Web page caption snippets:

════

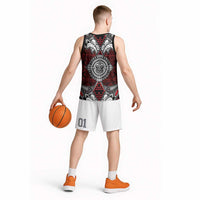 Red Aotearoa Taniko Motif Basketball Jersey Vintage Maori New Zealand Tribal Art Pattern LT9 - Polynesian Pride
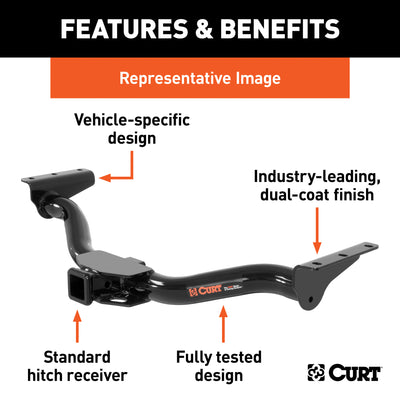 Curt 13591 2" Receiver Tow Hitch for Chevrolet Equinox, GMC Terrain, & Other SUV - VMInnovations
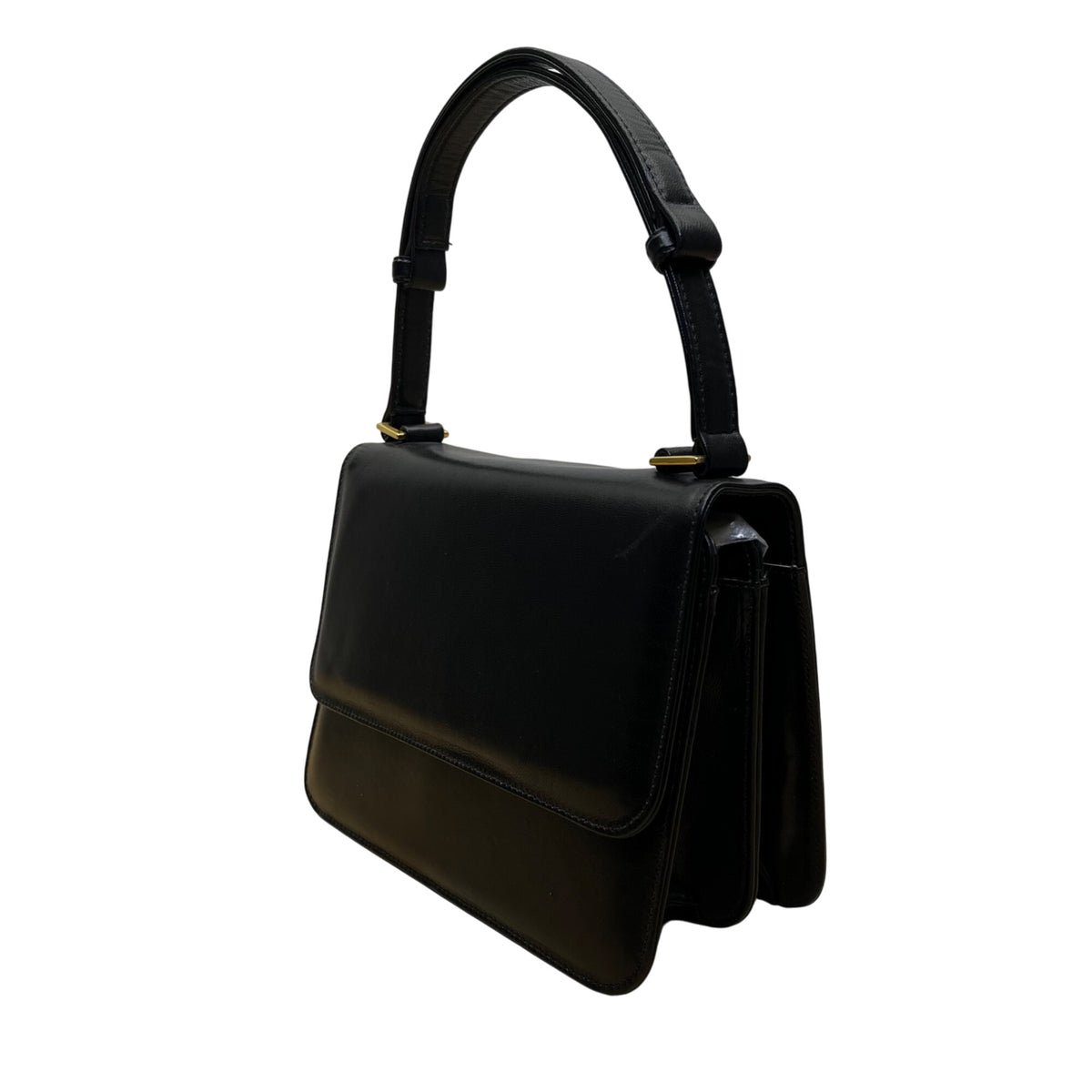 Neiman Marcus Women’s Black Leather Sophisticated Gold Accent Clutch Bag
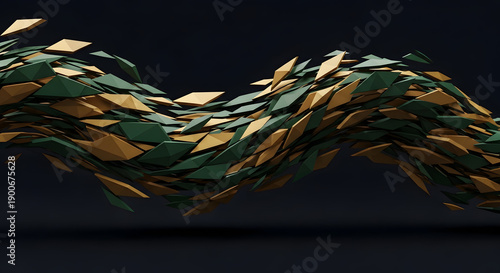 Abstract 3D wave of floating geometric green and gold triangles.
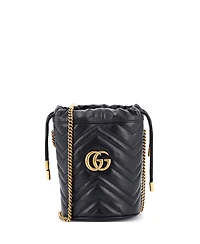 Pre-Owned Gucci Mini Gg Marmont Bucket Bag Matelasse Leather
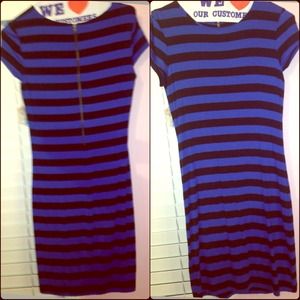 Aqua Blue & Black Striped Dress.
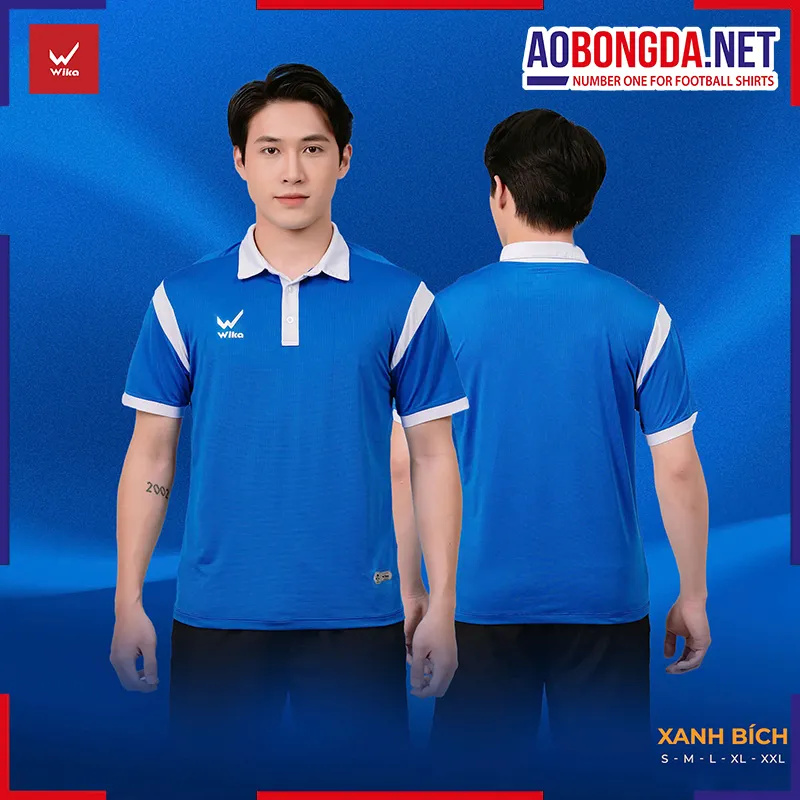 hình ảnh áo polo wika eras xanh bích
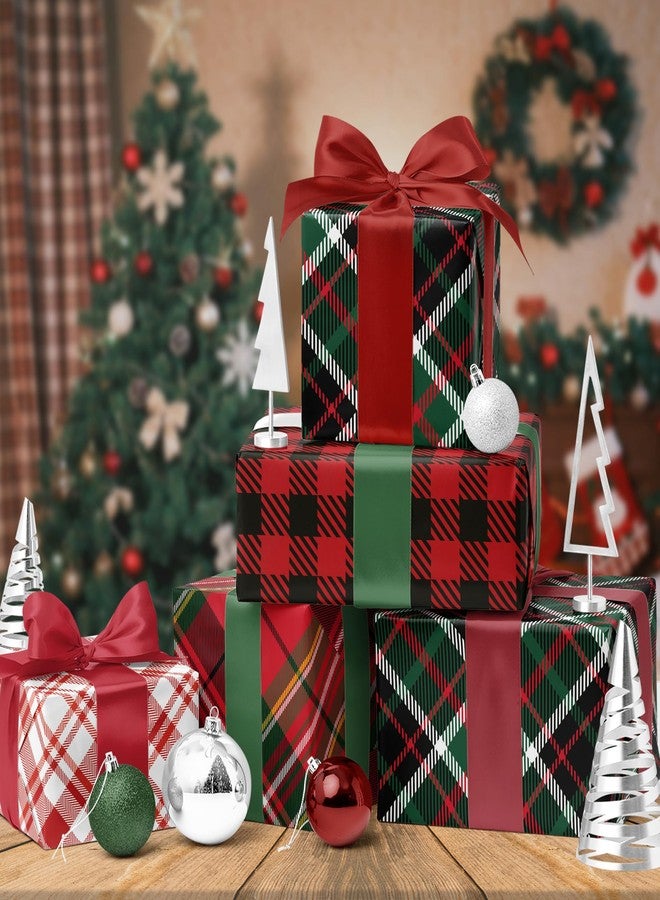 BIOBROWN Christmas Wrapping Paper Rolls - Red/Green/Black/White Tartan Plaid Design for Party, Holiday - 30" X 10' Per Roll (4 Rolls: 100 sq. ft. ttl.) - Image 5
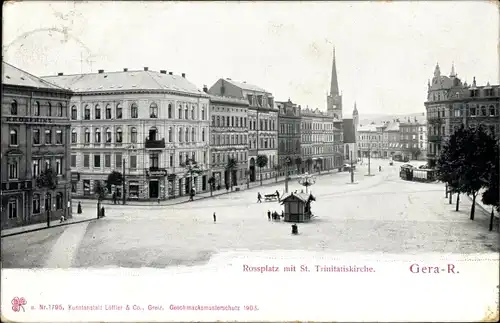 Ak Reuß Gera in Thüringen, Rossplatz mit St. Trinitatiskirche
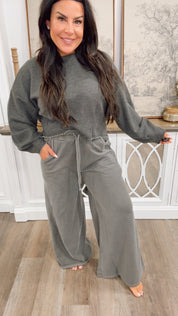 Dusty Grey Wide Leg Flare Joggers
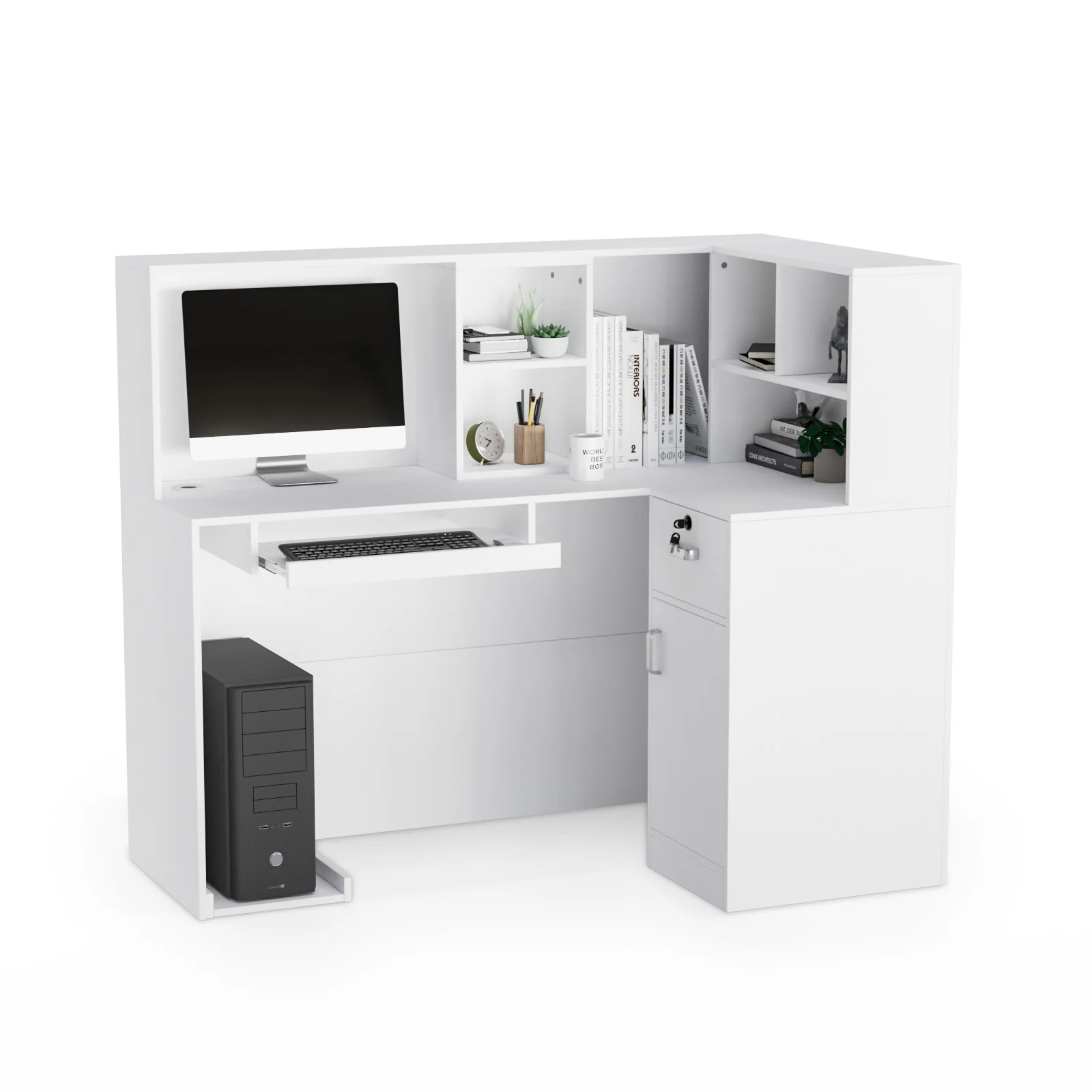 OmySalon OSRD-L Modern Computer Reception Desk with Removable Grid and Lockable Drawer - Image 9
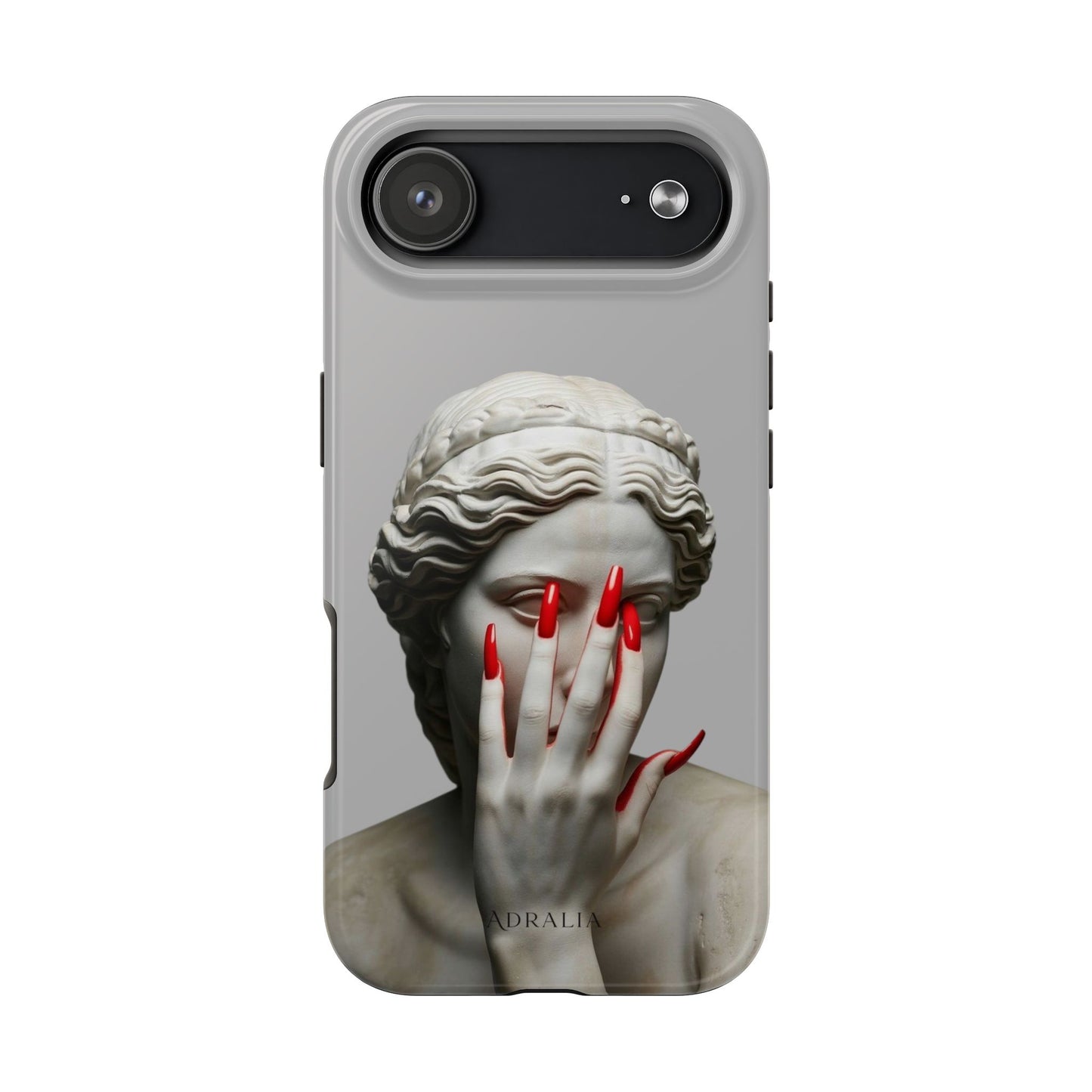 Statue with Red Nails Phone Case — Moody Classical Art Protective Case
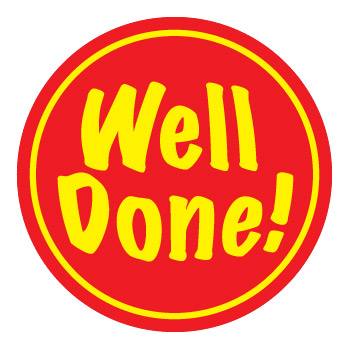 \'Well done\' sticker.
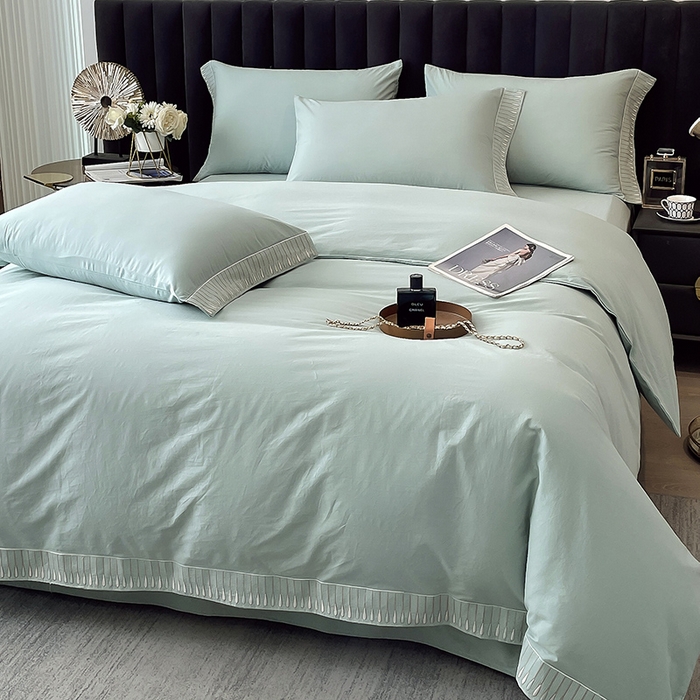 91家纺网 家纺一手货源 找家纺 拼社家纺 2026新款A类色织全棉水洗棉四件套纯棉四件套刺绣床上用品-黛妮卡系列 黛妮卡-水湖绿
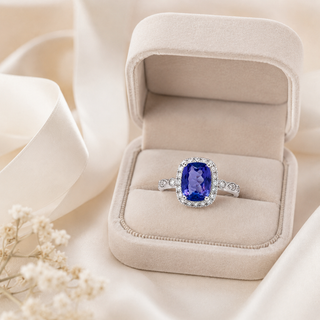 Natural Tanzanite Diamond Halo Cocktail Art Deco 14KT White Gold Ring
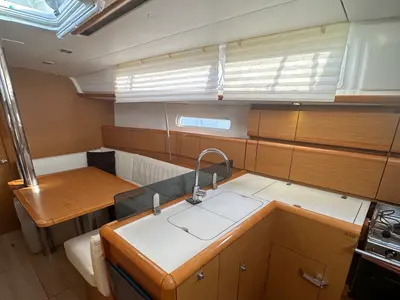 Galley of OYSTER SHELL, a Jeanneau Sun Odyssey 379 sailboat at Athens, Greece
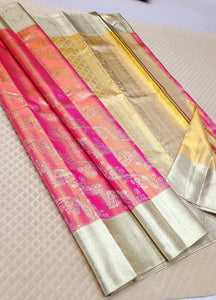 Classic Peachy Rose 1gm Zari Kanchipuram Handloom Silk Saree SS26192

════

Your goal:
Your copy should match the data above exactly, apart from the pictures.

Result for this exercise:
 Red Aotearoa Taniko Motif Basketball Jersey Vintage Maori New Zealand Tribal Art Pattern LT9 - Polynesian Pride
 Curt 13591 2" Receiver Tow Hitch for Chevrolet Equinox, GMC Terrain, & Other SUV - VMInnovations
 Neiman Marcus Women’s Black Leather Sophisticated Gold Accent Clutch Bag
 Abstract 3D wave of floating geometric green and gold triangles.
 Pre-Owned Gucci Mini Gg Marmont Bucket Bag Matelasse Leather
 Aqua Blue & Black Striped Dress.
 hình ảnh áo polo wika eras xanh bích
 BIOBROWN Christmas Wrapping Paper Rolls - Red/Green/Black/White Tartan Plaid Design for Party, Holiday - 30" X 10' Per Roll (4 Rolls: 100 sq. ft. ttl.) - Image 5
 Ak Reuß Gera in Thüringen, Rossplatz mit St. Trinitatiskirche
 Dusty Grey Wide Leg Flare Joggers
 OmySalon OSRD-L Modern Computer Reception Desk with Removable Grid and Lockable Drawer - Image 9
 Statue with Red Nails Phone Case — Moody Classical Art Protective Case
 \'Well done\' sticker.
 91家纺网 家纺一手货源 找家纺 拼社家纺 2026新款A类色织全棉水洗棉四件套纯棉四件套刺绣床上用品-黛妮卡系列 黛妮卡-水湖绿
 Natural Tanzanite Diamond Halo Cocktail Art Deco 14KT White Gold Ring
 Galley of OYSTER SHELL, a Jeanneau Sun Odyssey 379 sailboat at Athens, Greece
 Classic Peachy Rose 1gm Zari Kanchipuram Handloom Silk Saree SS26192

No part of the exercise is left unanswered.